→ **WORK INSTRUCTION**:
Transcribe every entry word for word, leaving out all images.

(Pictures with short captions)
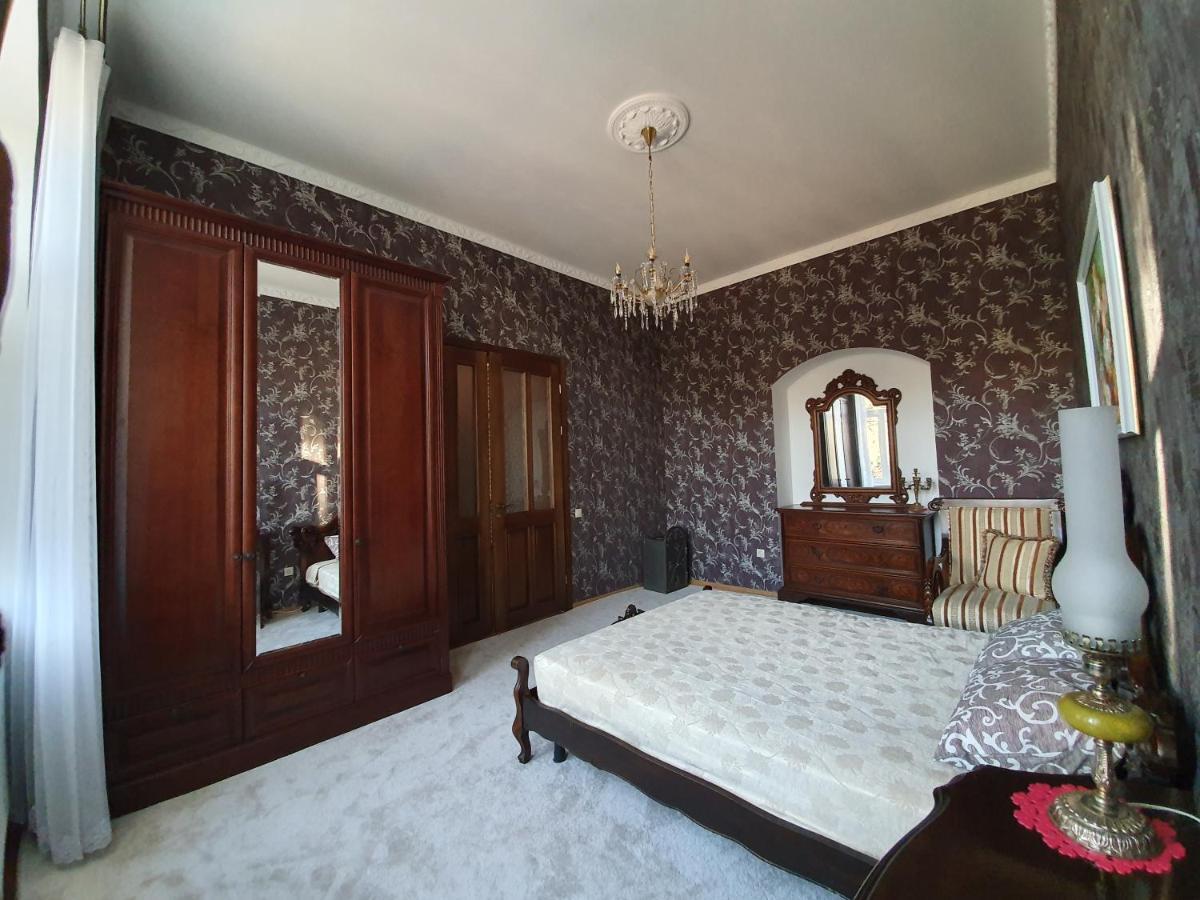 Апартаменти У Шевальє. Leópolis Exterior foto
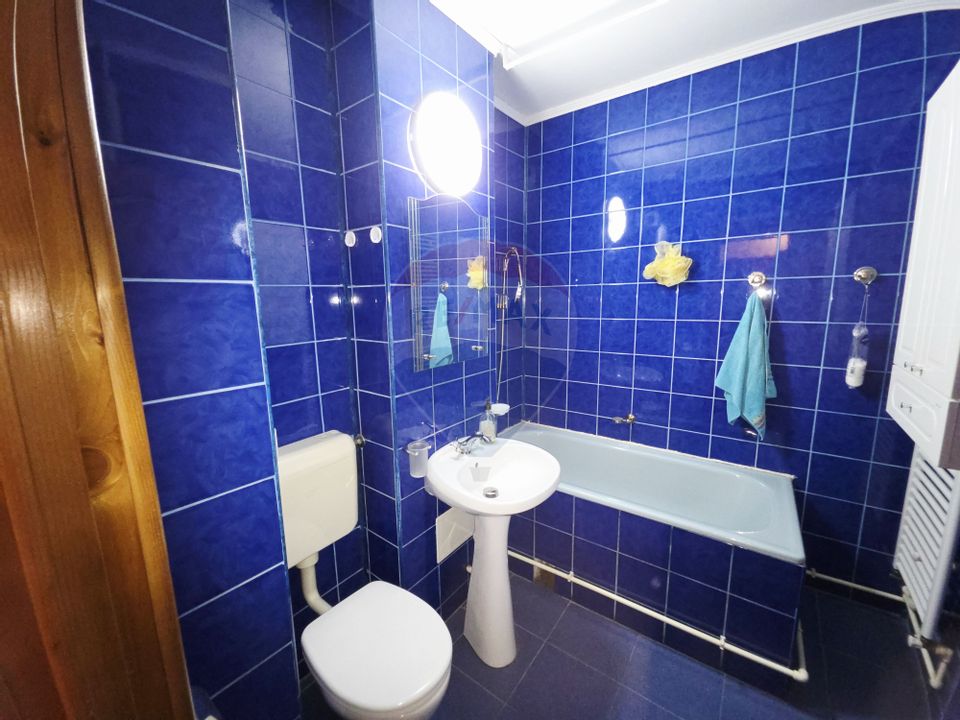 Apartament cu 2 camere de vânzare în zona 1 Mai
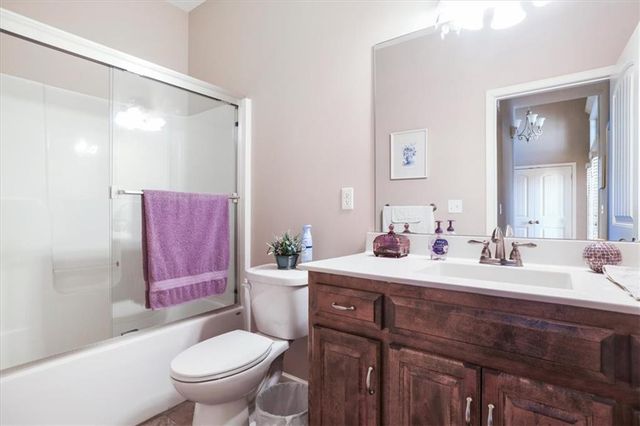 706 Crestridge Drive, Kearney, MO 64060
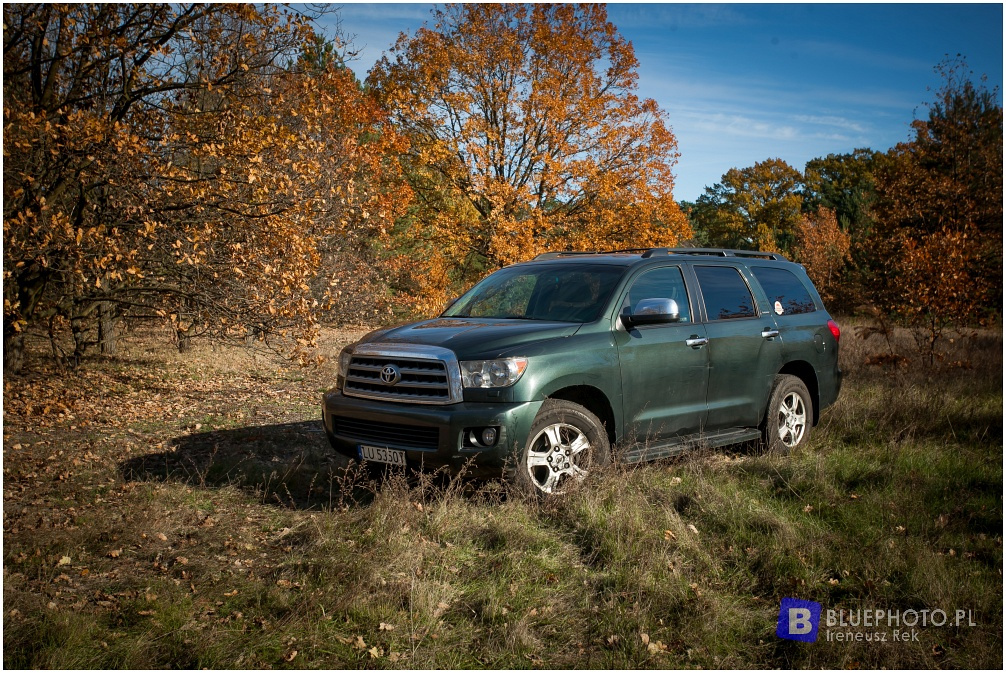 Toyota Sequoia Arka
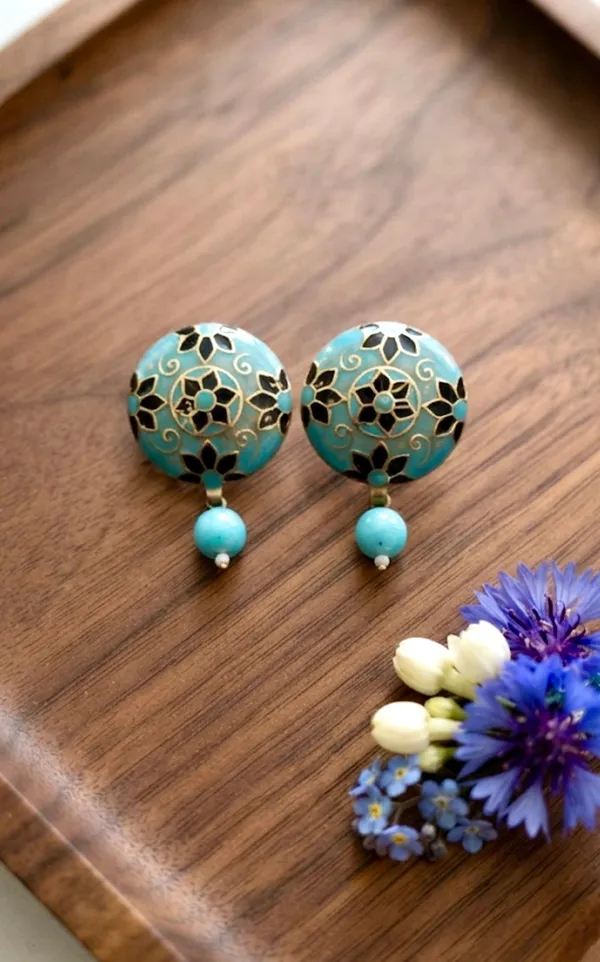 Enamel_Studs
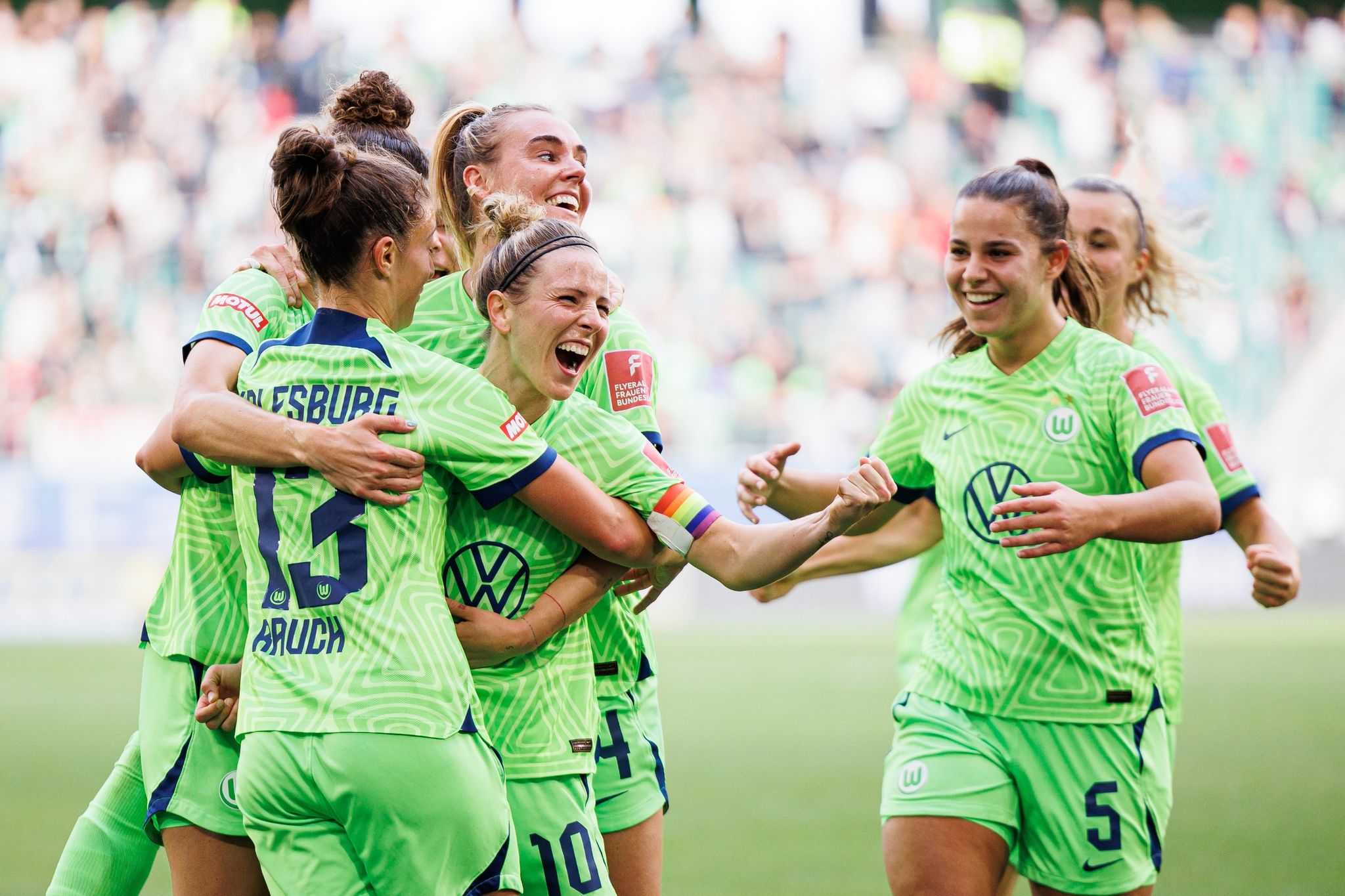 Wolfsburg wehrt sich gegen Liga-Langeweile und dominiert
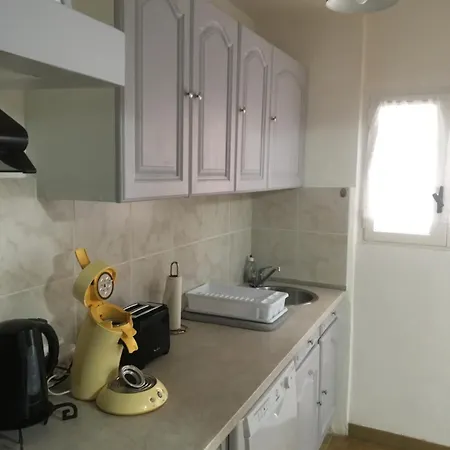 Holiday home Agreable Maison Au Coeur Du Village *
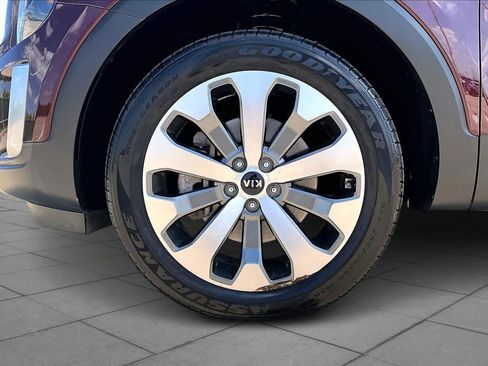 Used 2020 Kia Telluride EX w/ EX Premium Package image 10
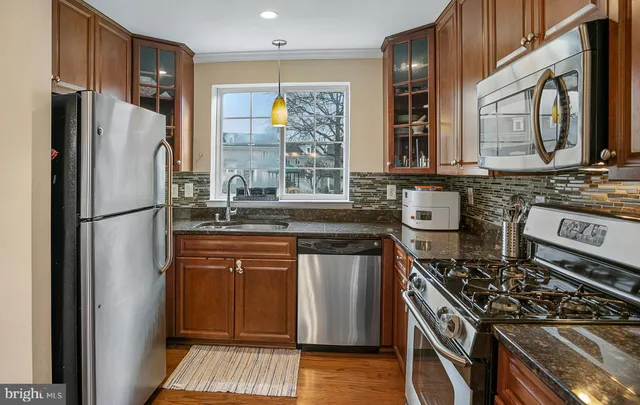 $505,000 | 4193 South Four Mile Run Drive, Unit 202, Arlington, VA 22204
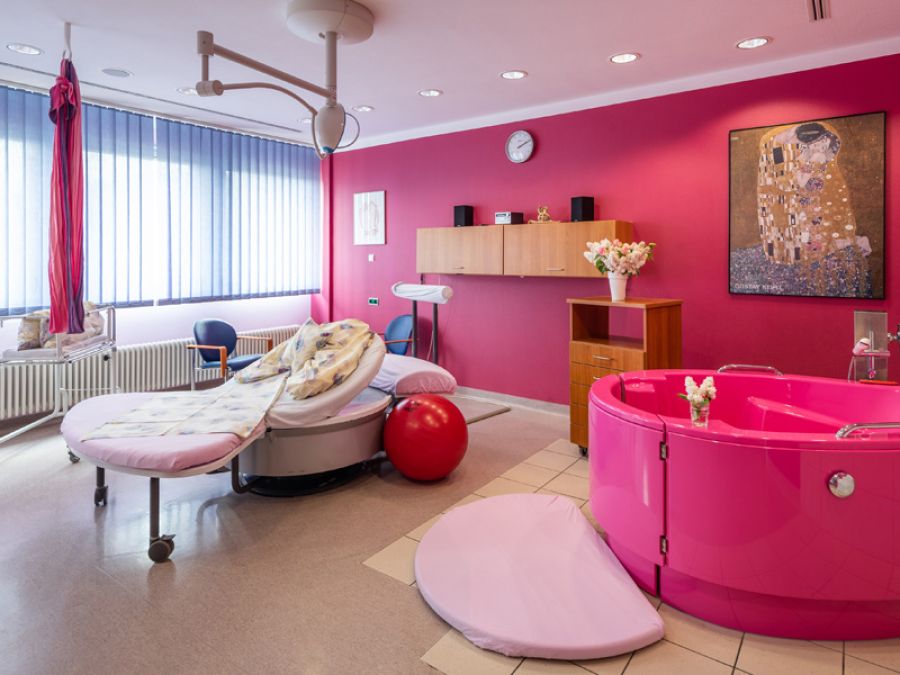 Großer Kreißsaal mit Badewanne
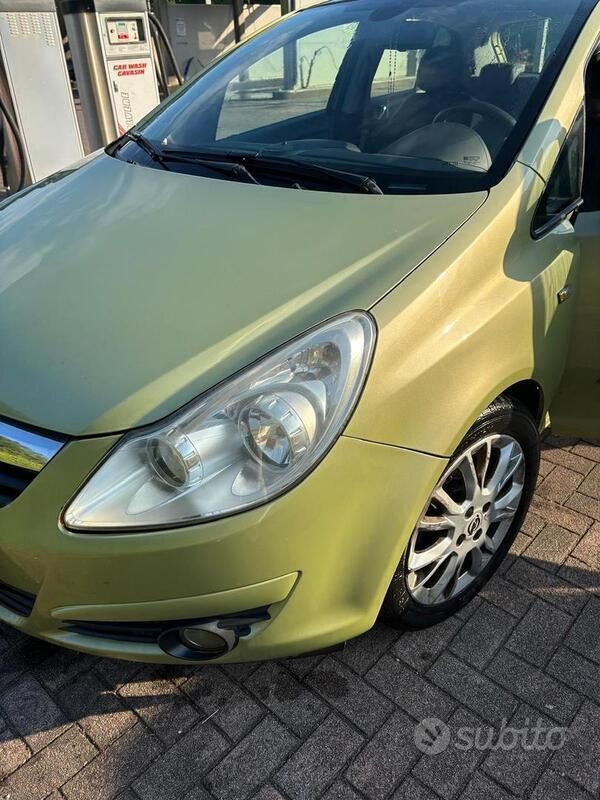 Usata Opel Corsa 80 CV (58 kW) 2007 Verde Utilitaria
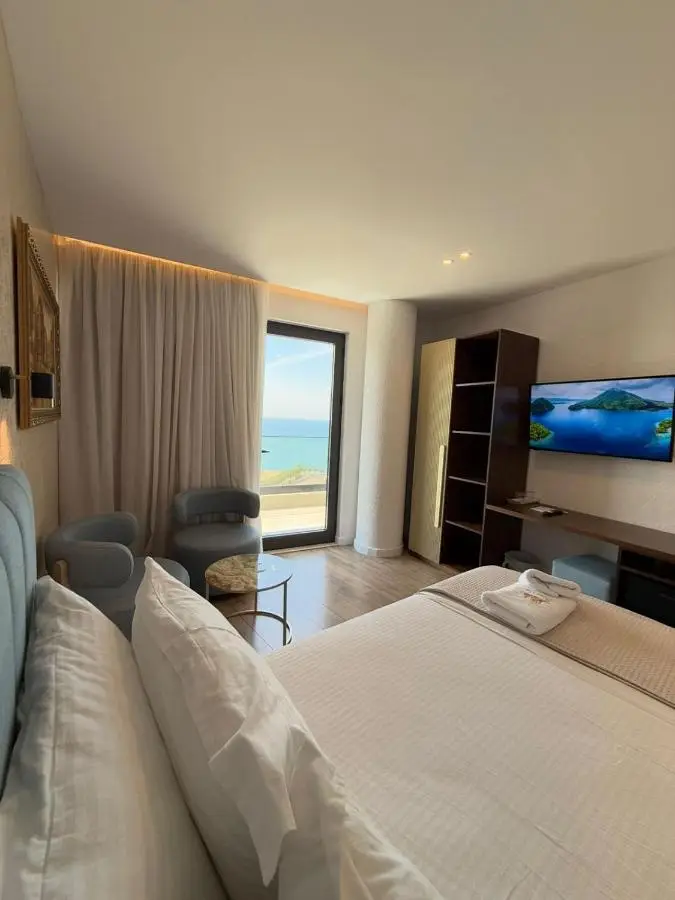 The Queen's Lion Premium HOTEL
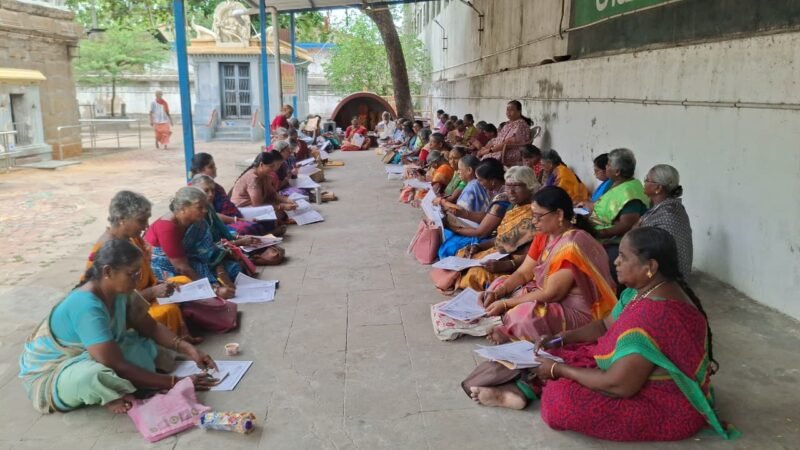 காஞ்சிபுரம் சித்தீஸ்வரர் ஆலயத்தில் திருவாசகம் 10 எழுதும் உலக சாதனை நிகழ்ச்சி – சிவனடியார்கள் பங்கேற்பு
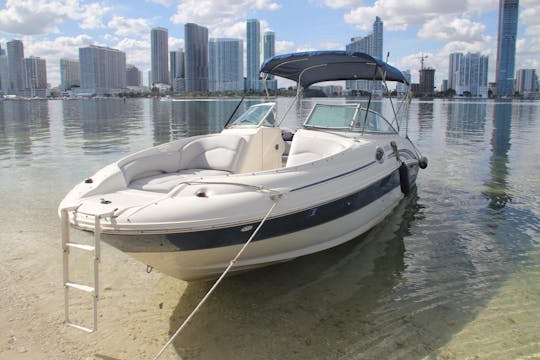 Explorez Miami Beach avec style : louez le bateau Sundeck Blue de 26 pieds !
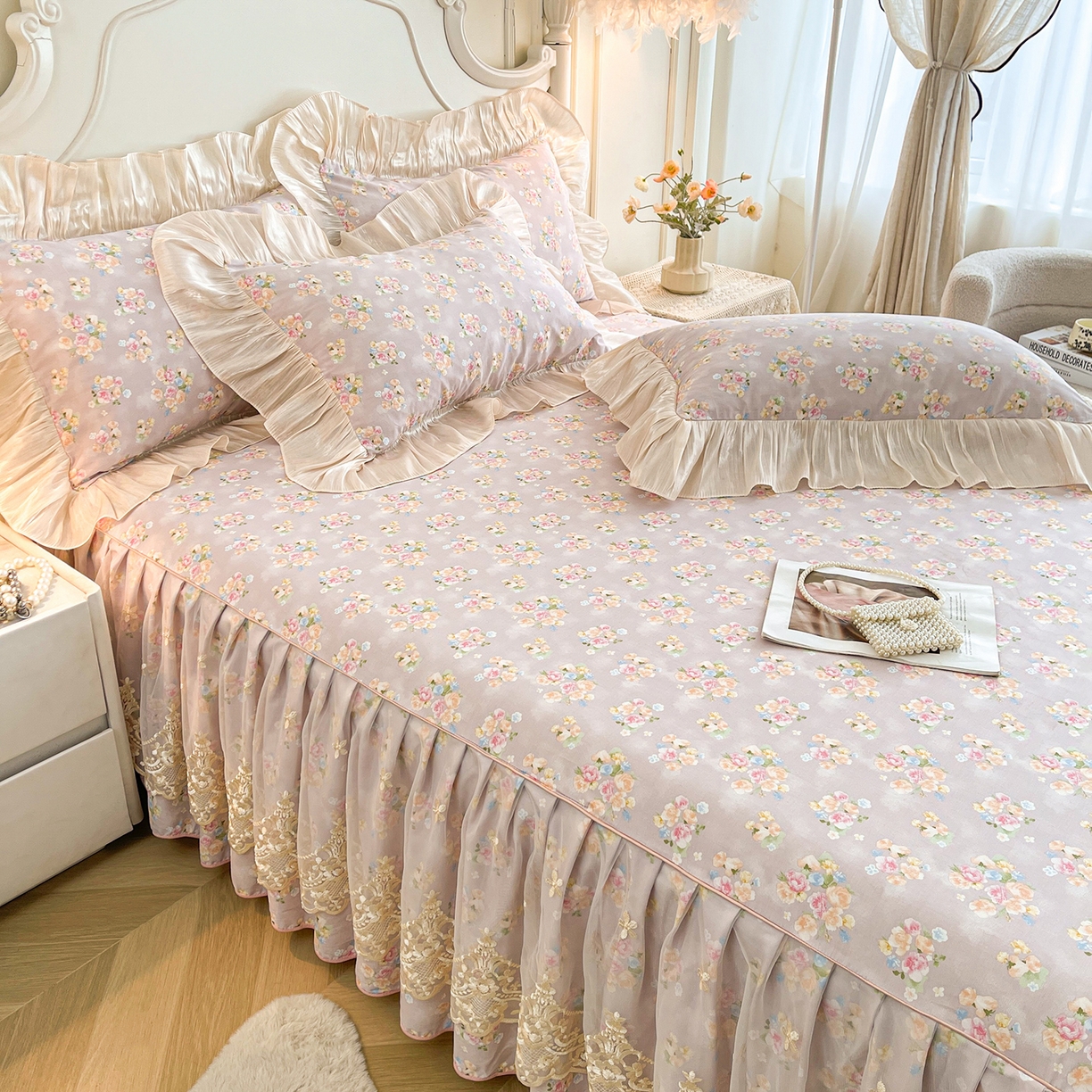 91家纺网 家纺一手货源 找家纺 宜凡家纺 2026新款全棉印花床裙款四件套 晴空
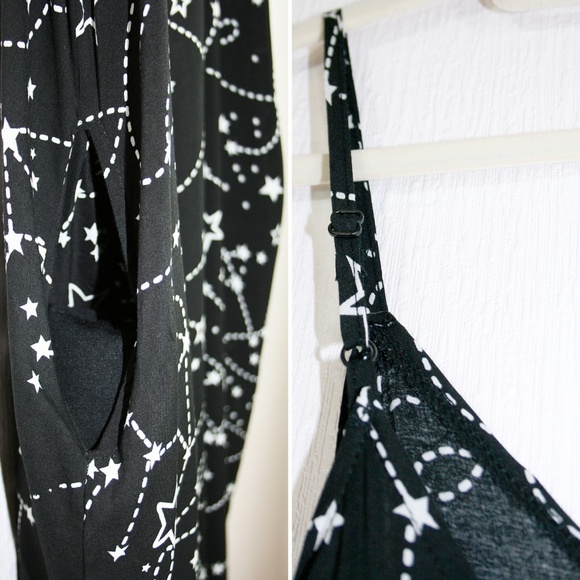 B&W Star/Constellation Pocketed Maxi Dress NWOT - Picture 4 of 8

→ **PROBLEM SOLUTION**:
 Апартаменти У Шевальє. Leópolis Exterior foto
 Apartament cu 2 camere de vânzare în zona 1 Mai
 706 Crestridge Drive, Kearney, MO 64060
 Toyota Sequoia Arka
 Enamel_Studs
 Wolfsburg wehrt sich gegen Liga-Langeweile und dominiert
 Holiday home Agreable Maison Au Coeur Du Village *
 Used 2020 Kia Telluride EX w/ EX Premium Package image 10
 $505,000 | 4193 South Four Mile Run Drive, Unit 202, Arlington, VA 22204
 Großer Kreißsaal mit Badewanne
 Usata Opel Corsa 80 CV (58 kW) 2007 Verde Utilitaria
 The Queen's Lion Premium HOTEL
 காஞ்சிபுரம் சித்தீஸ்வரர் ஆலயத்தில் திருவாசகம் 10 எழுதும் உலக சாதனை நிகழ்ச்சி – சிவனடியார்கள் பங்கேற்பு
 Explorez Miami Beach avec style : louez le bateau Sundeck Blue de 26 pieds !
 91家纺网 家纺一手货源 找家纺 宜凡家纺 2026新款全棉印花床裙款四件套 晴空
 B&W Star/Constellation Pocketed Maxi Dress NWOT - Picture 4 of 8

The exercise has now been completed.